Cary called today and said that he was writing a profile for match.com, which he's rejoining after more than a year away.
"I'm done with random hookups," he declared. "I want a boyfriend."
Easier said than done.
He called me just as I was getting into the pool to do some cleaning. It takes a good mustering of energy for me to do pool maintenance, but once I'm in, I rather enjoy it. It's mindless work and it allows me to crawl into my head.
Topic A, as it so often is these days, is my romantic life, or lack thereof. Cary's conversation about match.com took me down that path.
After ending my relationship with John last spring and dealing with some other entanglements in my life, I decided at the end of 2008 that I was ready to put myself out there again.
And along came Jose (after a series of misstarts with some South Florida riff-raff). Along came Jose, indeed.
He's got us on the back-burner as I mentioned in my cranky Valentine's Day post. I'm OK with it, because I understand his reasons. The only problem is that he kept my heart in his grip as he retreated into himself.
My friends, particularly those who have met him, tell me to be patient and give him time. I can't put my life on hold, but he's got me hostage.
I recently met Danny. Early 40s, attractive and an architect, he's expressed interest in me. Ordinarily, he's someone I would go on a date with, but I can't get my head back into dating mood. He's a confident guy, and the other day, jokingly accused me of playing hard-to-get. Last night I sent him an email stating that it wasn't my intention to be elusive, but that I recently had my heart broken, so I am a little tentative when it comes to dating.
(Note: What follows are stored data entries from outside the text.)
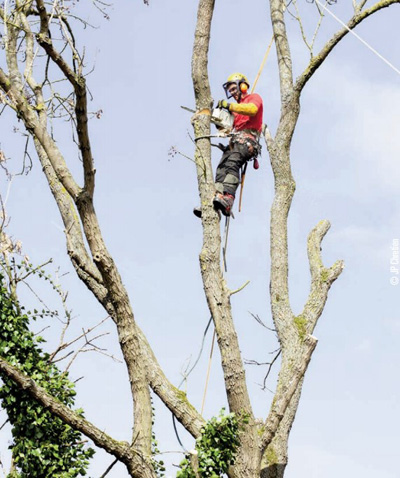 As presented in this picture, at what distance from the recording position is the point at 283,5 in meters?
9.51

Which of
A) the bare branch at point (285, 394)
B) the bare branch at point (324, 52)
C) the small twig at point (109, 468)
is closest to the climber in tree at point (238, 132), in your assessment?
the bare branch at point (324, 52)

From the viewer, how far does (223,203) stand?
730cm

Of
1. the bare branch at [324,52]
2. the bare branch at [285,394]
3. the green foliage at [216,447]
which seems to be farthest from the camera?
the bare branch at [324,52]

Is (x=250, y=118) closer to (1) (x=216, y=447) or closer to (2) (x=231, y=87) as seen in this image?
(2) (x=231, y=87)

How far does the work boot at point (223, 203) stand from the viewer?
7.29 m

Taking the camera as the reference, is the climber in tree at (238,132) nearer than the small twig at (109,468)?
No

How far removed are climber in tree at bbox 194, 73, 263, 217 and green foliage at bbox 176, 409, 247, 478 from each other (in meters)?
2.11

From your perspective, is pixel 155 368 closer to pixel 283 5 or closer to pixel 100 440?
pixel 100 440

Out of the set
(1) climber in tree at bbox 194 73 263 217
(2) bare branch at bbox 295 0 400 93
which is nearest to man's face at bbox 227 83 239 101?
(1) climber in tree at bbox 194 73 263 217

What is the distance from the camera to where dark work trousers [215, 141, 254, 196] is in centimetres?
773

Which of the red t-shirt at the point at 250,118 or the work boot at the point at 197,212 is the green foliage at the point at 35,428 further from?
the red t-shirt at the point at 250,118

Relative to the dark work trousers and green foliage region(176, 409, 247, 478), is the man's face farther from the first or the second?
green foliage region(176, 409, 247, 478)

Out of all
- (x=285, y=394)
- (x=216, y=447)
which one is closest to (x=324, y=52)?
(x=285, y=394)

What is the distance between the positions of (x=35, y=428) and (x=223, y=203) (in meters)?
2.45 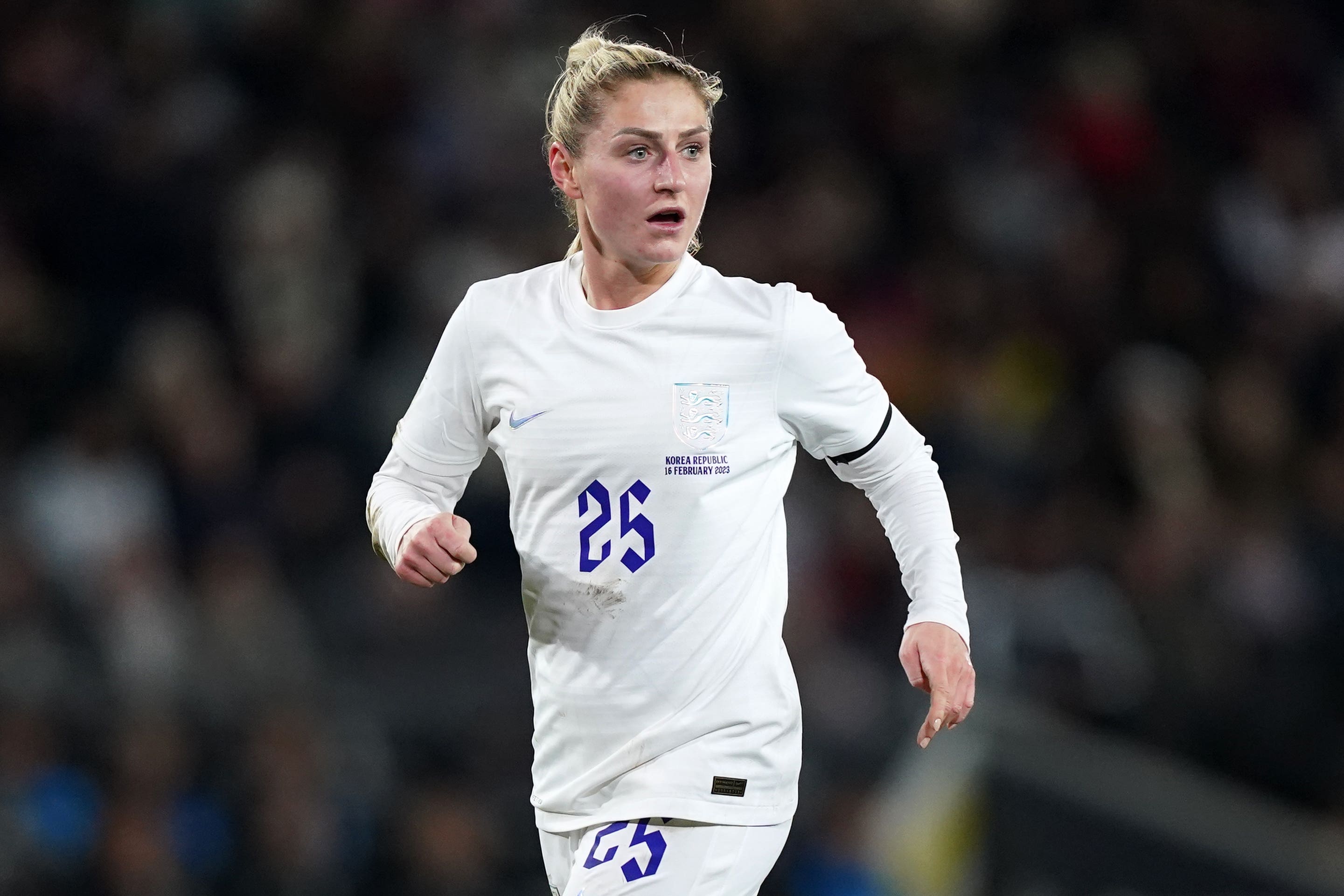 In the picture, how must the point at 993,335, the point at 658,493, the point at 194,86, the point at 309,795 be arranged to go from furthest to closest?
the point at 194,86
the point at 993,335
the point at 309,795
the point at 658,493

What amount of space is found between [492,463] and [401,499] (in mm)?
4772

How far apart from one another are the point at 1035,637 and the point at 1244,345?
2.34 m

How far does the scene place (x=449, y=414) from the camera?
3.86 m

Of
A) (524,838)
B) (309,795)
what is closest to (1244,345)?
(524,838)

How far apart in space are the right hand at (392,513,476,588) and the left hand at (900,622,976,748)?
88 cm

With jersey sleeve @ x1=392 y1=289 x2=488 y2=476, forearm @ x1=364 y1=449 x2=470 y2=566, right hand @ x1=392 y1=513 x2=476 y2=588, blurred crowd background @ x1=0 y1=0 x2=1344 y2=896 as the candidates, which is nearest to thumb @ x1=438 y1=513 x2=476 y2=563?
right hand @ x1=392 y1=513 x2=476 y2=588

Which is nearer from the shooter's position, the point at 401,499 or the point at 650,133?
the point at 650,133

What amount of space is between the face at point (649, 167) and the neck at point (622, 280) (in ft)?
0.16

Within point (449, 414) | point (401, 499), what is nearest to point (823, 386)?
point (449, 414)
He called today to say that he understood. "Don't open your heart right now," he told me. He added, with a chuckle, "Eventually you will, and then I will break it."
I was chatting on Facebook last night with a friend of Martin's who's visiting Fort Lauderdale right now. We've never met, but we started talking about our lives and being single. Like me, he spends a lot of time in his head (I swear, it's a curse). He asked if I have been able to manage having a fun, fulfilling life being single.
I told him that I was enjoying my life, that I have great friends and I have a lot going on.
But still, there's room for someone to stand next to me. How do I reconcile all of this?